He welcomes the competition for the Laker’ starting two-guard spot because it can only push Kentavious Caldwell-Pope to maximize his potential. He relishes the opportunity to compete for this job against a teammate and friend because it can only make Caldwell-Pope and Josh Hart both strive to be their best.
In Caldwell-Pope’s eyes, the two of them scraping every day in practice and games can only serve as a benefit for the Lakers.
And that’s what matters the most.
“We make each other work in practice,” Caldwell-Pope said late Saturday night after the Lakers lost to the Clippers in an exhibition game at the Honda Center. “We’re always on the opposite team. Even if we’re on the same team, we both run the floor, we both do similar things.

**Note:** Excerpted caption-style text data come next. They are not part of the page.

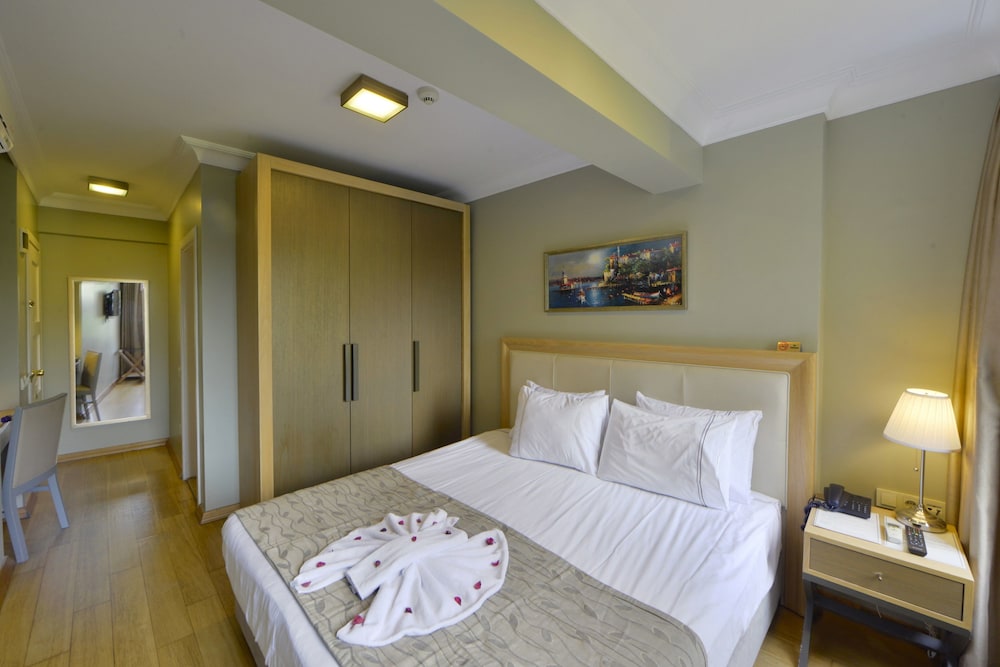Agora Life Hotel - Special Class — Hotel rooms in Istanbul, Istanbul
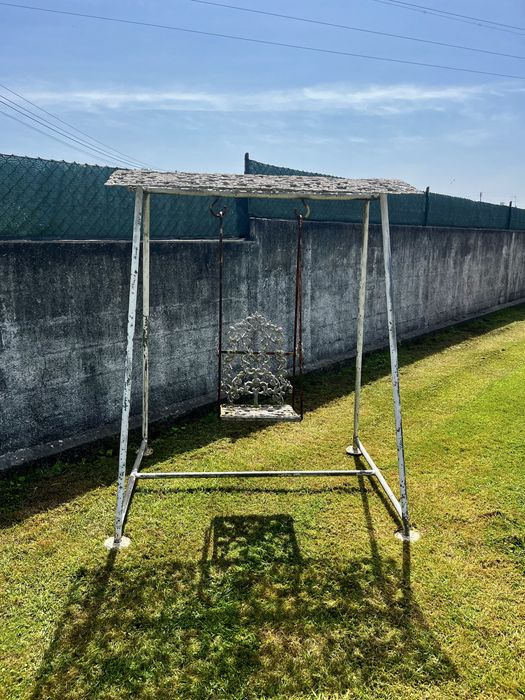 Baloiço jardim metalico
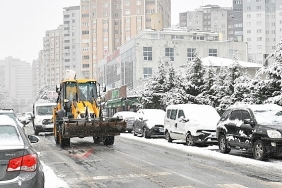 beylikduzu-belediyesinden-karla-etkin-mucadele.jpg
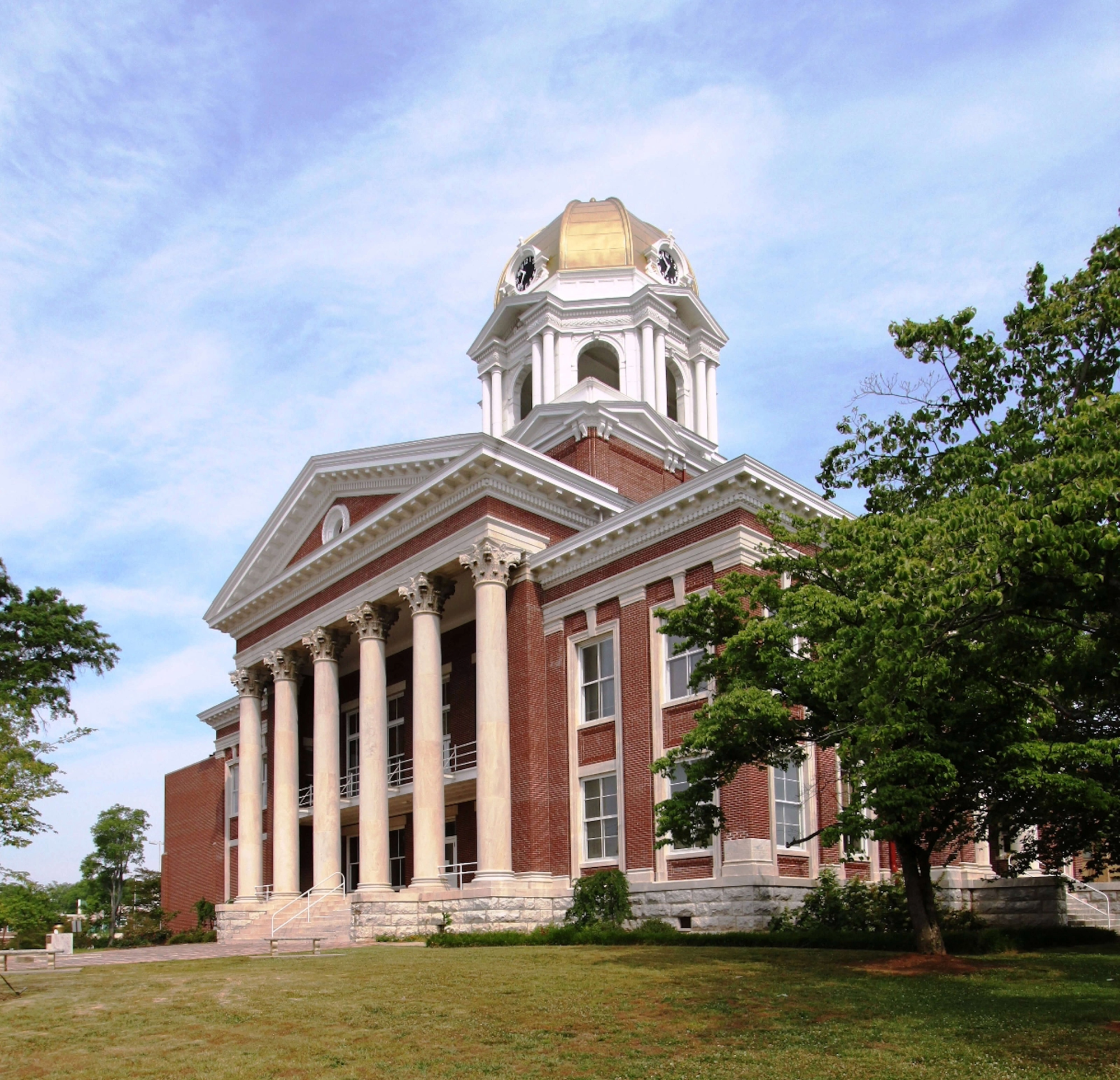 The 1902 Bartow County Courthouse with its domed clock tower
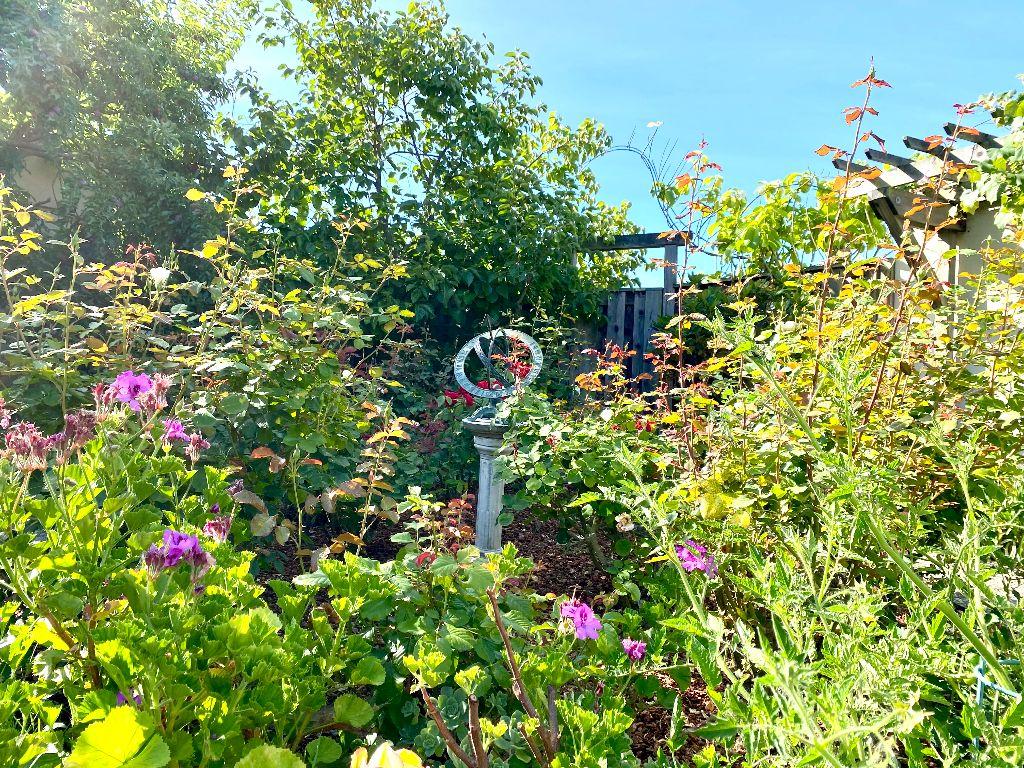 Garden Tour & Champagne Brunch
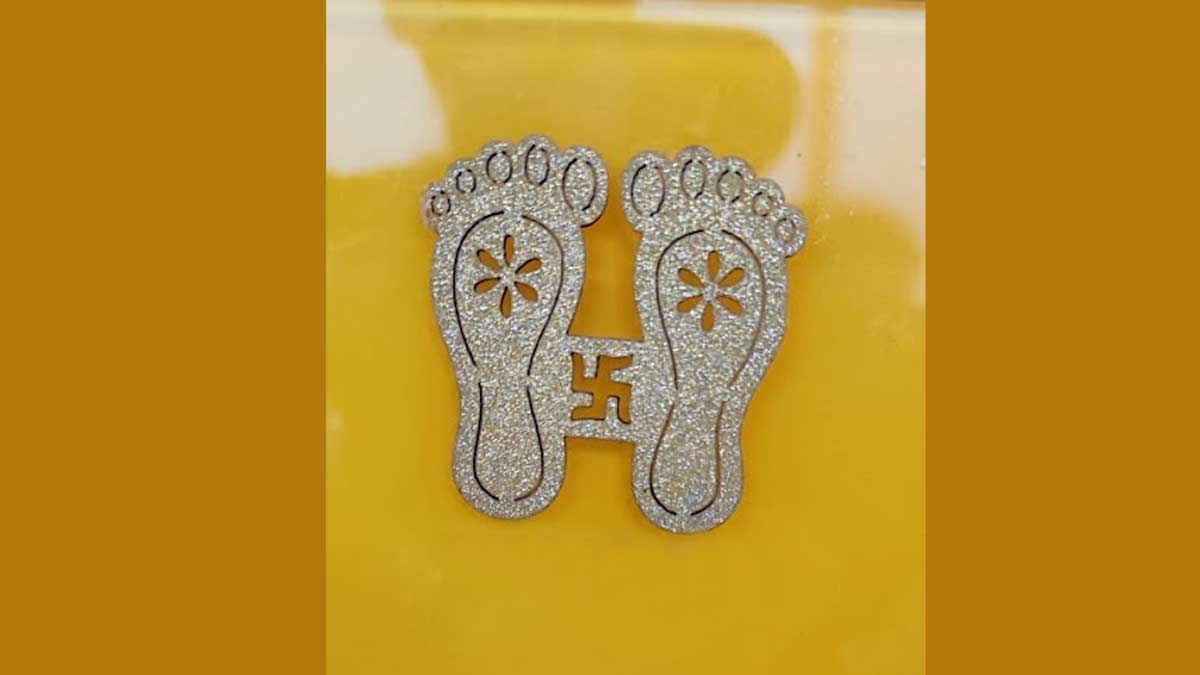 can we keep lakshmi charan at office desk as per vastu article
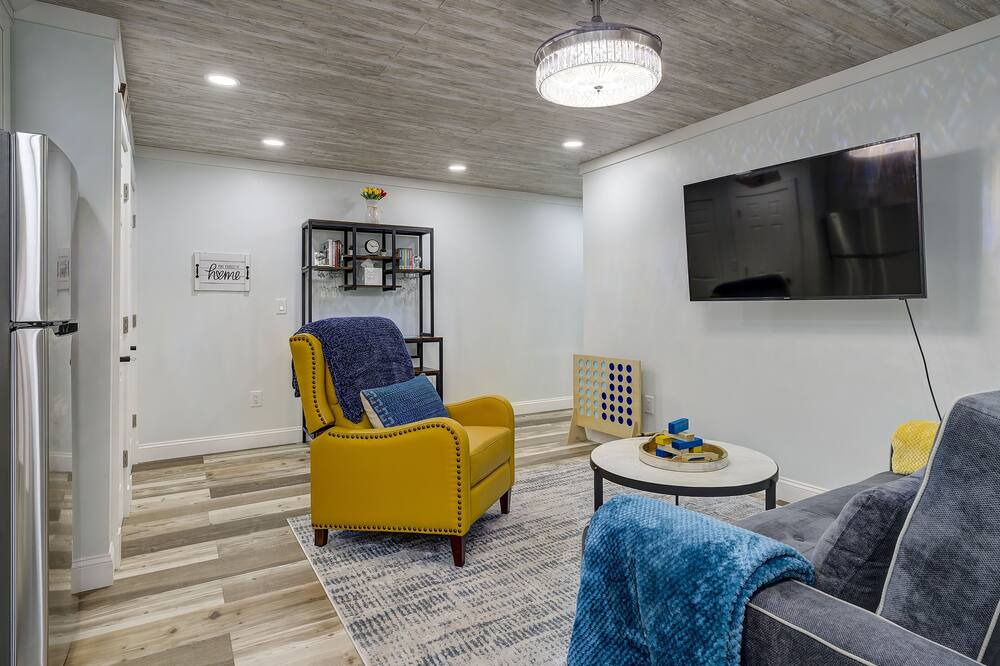 Photo of Livingroom in Jonesborough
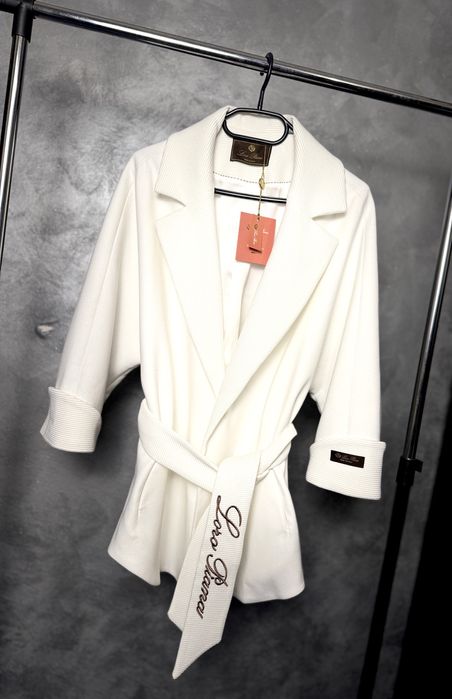 Palton Loro Piana Dama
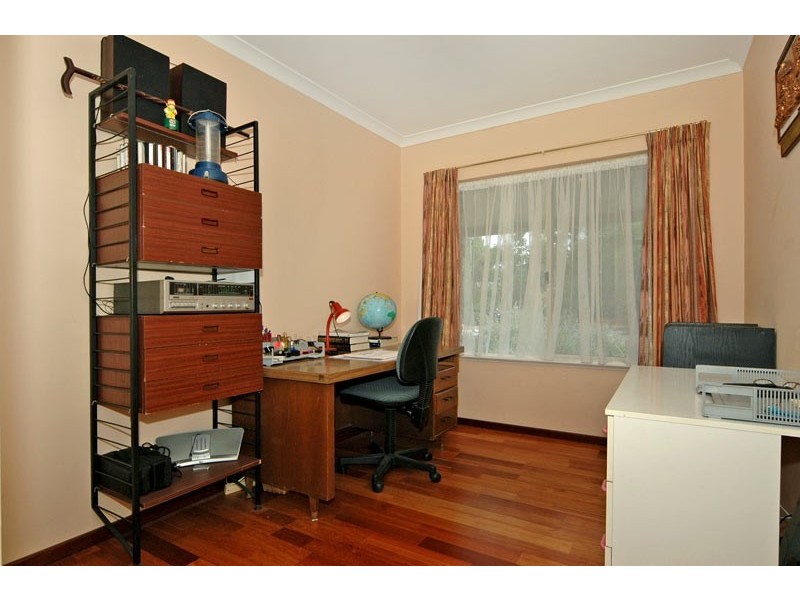 576 Neaves Road, Mariginiup WA 6065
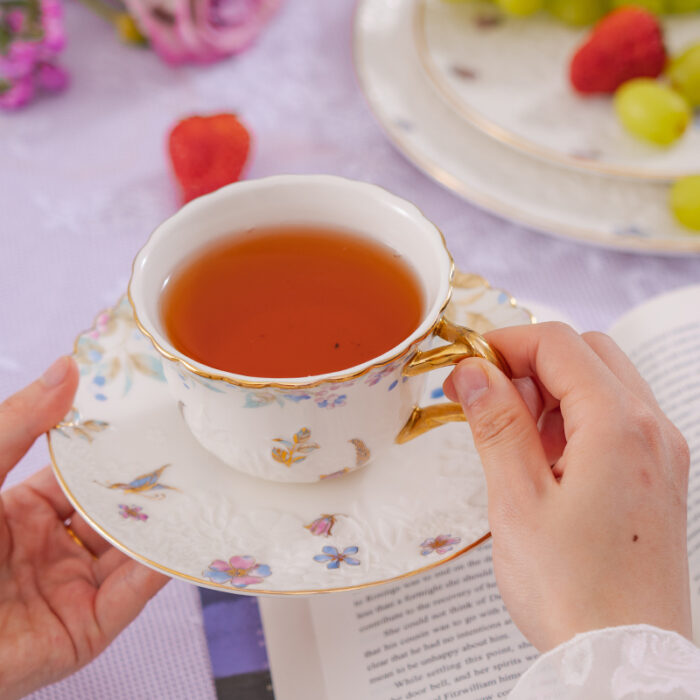 2-Cup & 2-Saucer Gift Set – 24 K Gold Rim and Colorful world - Image 9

“We both compete. We give that competitiveness from both of us. It’s a fight. We enjoy it. We’re just making each other better.”
Over the course of his first five years in the NBA, Caldwell-Pope primarily has been a starter.
He started 41 out the 80 games he played in as rookie with the Detroit Pistons. He then started in all 82 in his second season with the Pistons, all 76 that he played in in his third season and 75 out of the 76 he played in his fourth season. He then started in all 74 games he played in with the Lakers last season.
Now it is not a given he’ll hear his name in the starting lineup.
“It’s all about winning,” Caldwell-Pope said. “If that’s what it is and I’m coming off the bench, I have to keep my same focus and do the same thing. It’s all about keeping that focus, really.”
In the first four exhibition games, Caldwell-Pope has started two games and come off the bench the other two.
He’s averaging 7.3 points, but is struggling with his shot, making just 36% of his field goals, just 14.3% of his three-pointers.
But Caldwell-Pope maintained that there’s no difference for him as a starter or a reserve.
“I feel like if I’m starting, I do the same thing, as far as like running the floor, playing defense, trying to get out in transition and knock down the wide-open shot,” he said. “It’s the same when I’m coming off the bench as well. I’m just trying to stay in that same rhythm, just stay focused.”
Perhaps, Caldwell-Pope was asked, he has even more pressure to perform and even start since he re-signed with the Lakers on just a one-year deal for $12 million. He played under similar circumstances last season when he signed a one-year deal for $18 million in the summer of 2017.